+++ SUPPLIED ENTRIES
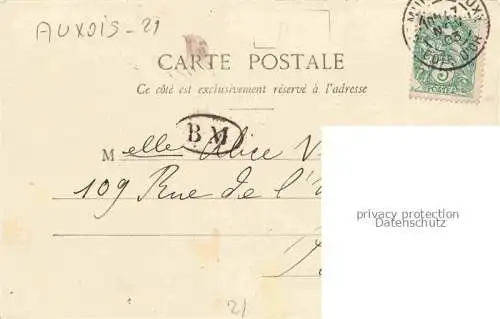 AK / Ansichtskarte Auxois Region Montbard 21 Cote-d Or Vue d'ensemble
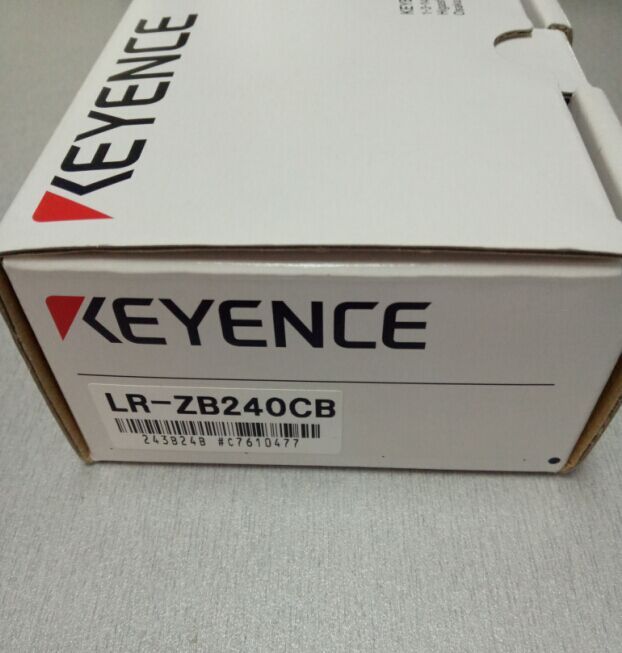 One New Keyence LR-ZB240CB Laser Sensor LRZB240CB Expedited Shipping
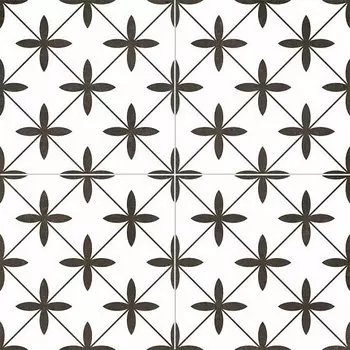 Напольная плитка Dual Gres Chic Poole White New 45x45
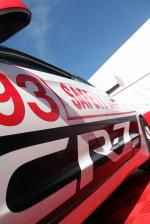 Honda CR-Z Racer Hybrid HPD 2011 года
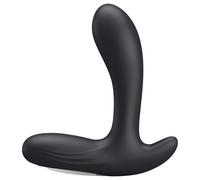 Pretty Love Backie - Prostate Vibrator (Black)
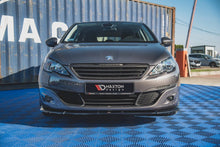Load image into Gallery viewer, Maxton Design - FRONT SPLITTER V2 PEUGEOT 308 MK2 FACELIFT (2017-2021)
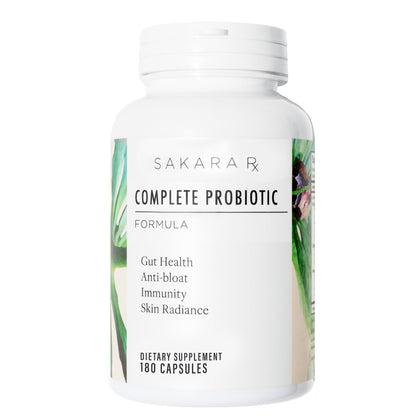 SAKARA Complément Probiotique Complet pour Femmes, 180 capsules, vue avant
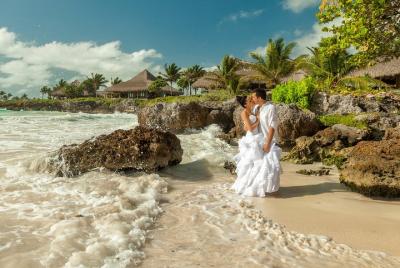 Sesión de fotos en Cap Cana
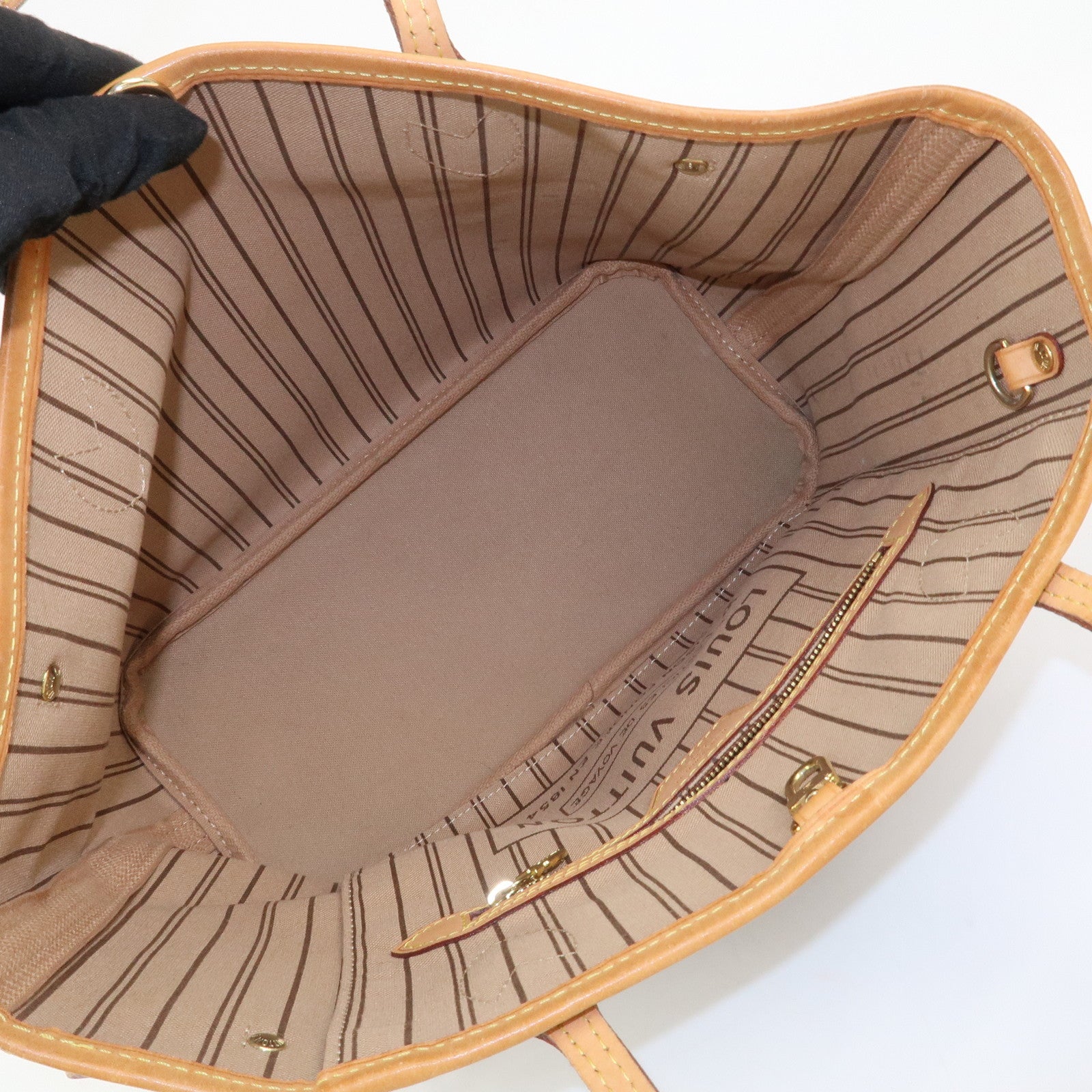 Louis Vuitton Monogram Neverfull PM Tote Bag Hand Bag M41000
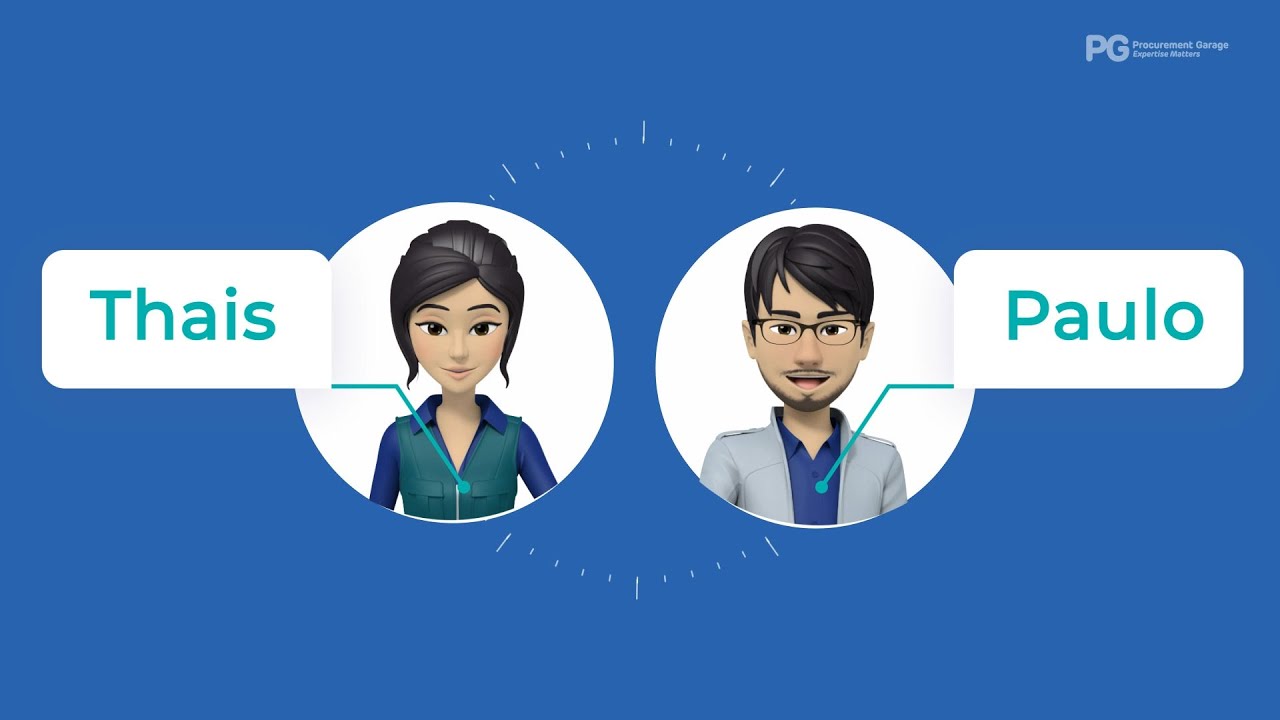 Conheça nossas soluções em automação em suprimentos: a THAIS e o PAULO.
++++++
[INSTRUCTIONS FOR THE TASK] Could you return each line, unchanged, from the line containing "Load image into" through the last line of the entries above, leaving out the pictures?

[SOLUTION TO THE PROBLEM]
Load image into Gallery viewer, Maxton Design - FRONT SPLITTER V2 PEUGEOT 308 MK2 FACELIFT (2017-2021)
 SAKARA Complément Probiotique Complet pour Femmes, 180 capsules, vue avant
 Sesión de fotos en Cap Cana
 Louis Vuitton Monogram Neverfull PM Tote Bag Hand Bag M41000
 Conheça nossas soluções em automação em suprimentos: a THAIS e o PAULO.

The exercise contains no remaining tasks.